Billet d’humeur du mois

3 février 2023

Frères d’Armes ou chair à canon ?

Tirailleurs, le film de l’intouchable Omar Sy crève les écrans. Il pose le problème central de ce qu’est la Mémoire par rapport à l’Histoire.

La Mémoire, c’est l’Histoire triée au temps présent. Et ce tri dépend de celui qui trie. Dès lors, comment a évolué le temps présent pour la mise en lumière des tirailleurs de nos armées françaises ?

En 1996, il y a 27 ans, dans un colloque consacré aux troupes coloniales dans la Grande Guerre, j’ai présenté les monuments en hommage aux combattants de la Grande France.

Ces monuments sont la parfaite illustration de la mémoire, c’est-à-dire de l’Histoire triée au temps présent. De 1918 à 1950 ces monuments, rares, traduisent d’abord la volonté d’assimilation des troupes coloniales dans une mémoire régimentaire que corrige à la marge une reconnaissance identitaire à travers, en particulier, les symboliques funéraires.

De 1950 à 1975 les monuments vont refléter les tentatives de sauvegarde et de rupture de la décolonisation. Tentatives de sauvegarde de l’empire en particulier avec l’inhumation au Mont Valérien d’un tiers de héros coloniaux sur les 17 combattants inhumés. Tentative de sauvegarde également à travers le transfert de Félix Eboué au Panthéon. Tentative de rupture avec la matérialisation du souvenir des tirailleurs massacrés en 1940 par les armées allemandes sur le territoire français.

De 1975 à 2000, la rupture est consommée. Les tirailleurs ne sont plus que les dernières buttes témoins d’un temps où les nations africaines deviennent fières de leur indépendance. C’est le temps de la cristallisation des pensions (voulue, on l’oublie trop souvent, par les gouvernements africains eux-mêmes); c’est le temps du regroupement des tombes des « Morts pour la France » « Chrétiens » dans les Pays d’Afrique du Nord (et de l’abandon des tombes musulmanes et animistes); c’est le temps de la nostalgie, portée en particulier par les rapatriés concernant l’armée d’Afrique.

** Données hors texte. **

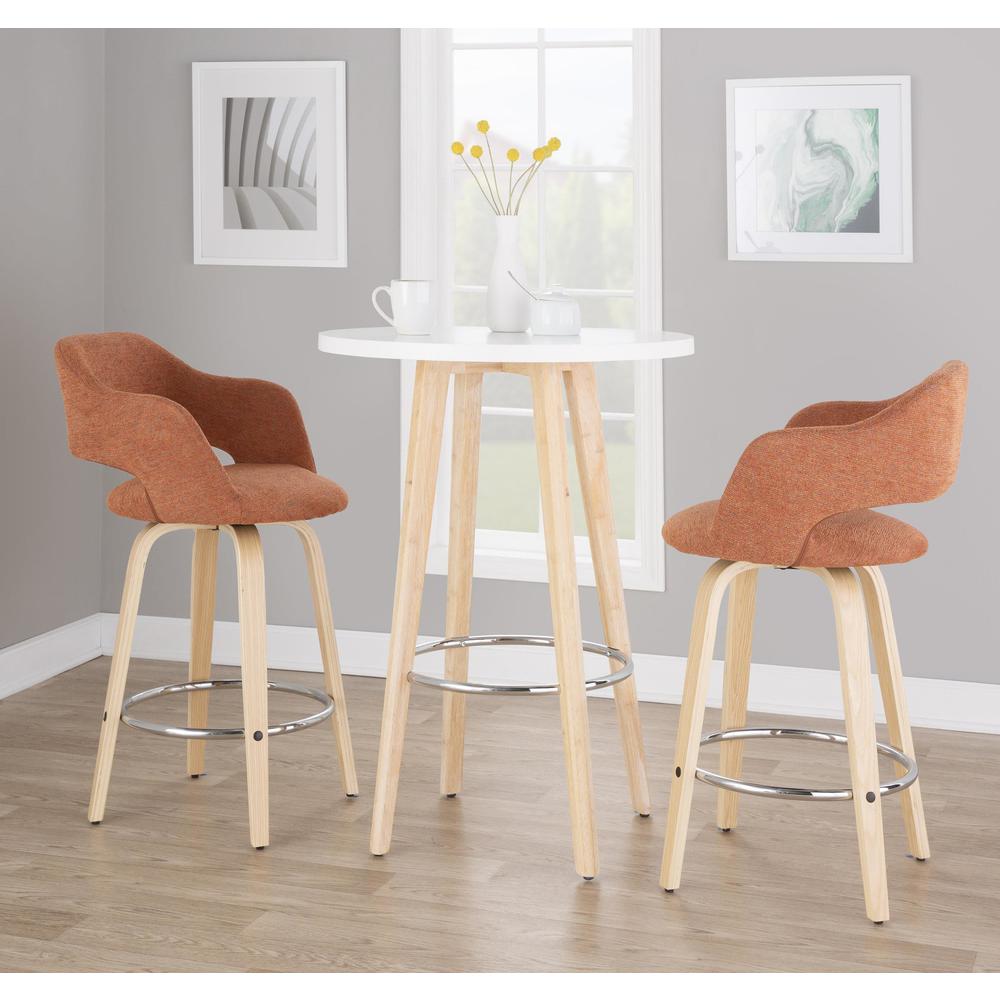 26" Fixed-Height Counter Stool Set of 2 F428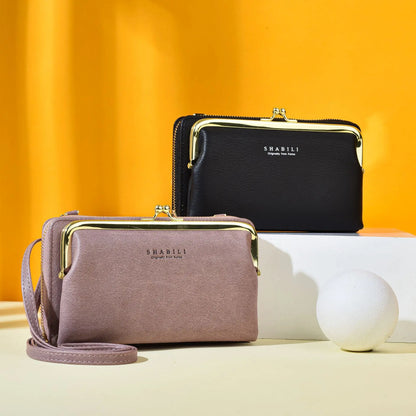 Fashion Women Luxury Leather Single Shoulder Bags Ladies Large Capacity Crossbody Mobile Phone Purse Female Messenger Wallet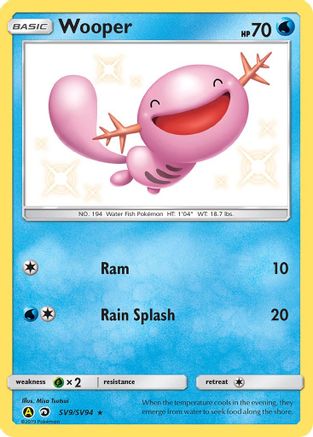 Wooper (HIF:SV-SV9) (Holofoil)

Et puis est venu le temps des films Indigènes et Tirailleurs, celui de la repentance, du surdimensionnement du rôle des tirailleurs et de la dénonciation de la colonisation.

C’est le temps du présent.

 Au Souvenir Français, plus qu’en toute autre association, nous avons l’impérieux devoir de sauvegarder la mémoire des tirailleurs des armées françaises. Toute leur mémoire. Mais nous avons aussi l’impérieux devoir de respecter l’Histoire.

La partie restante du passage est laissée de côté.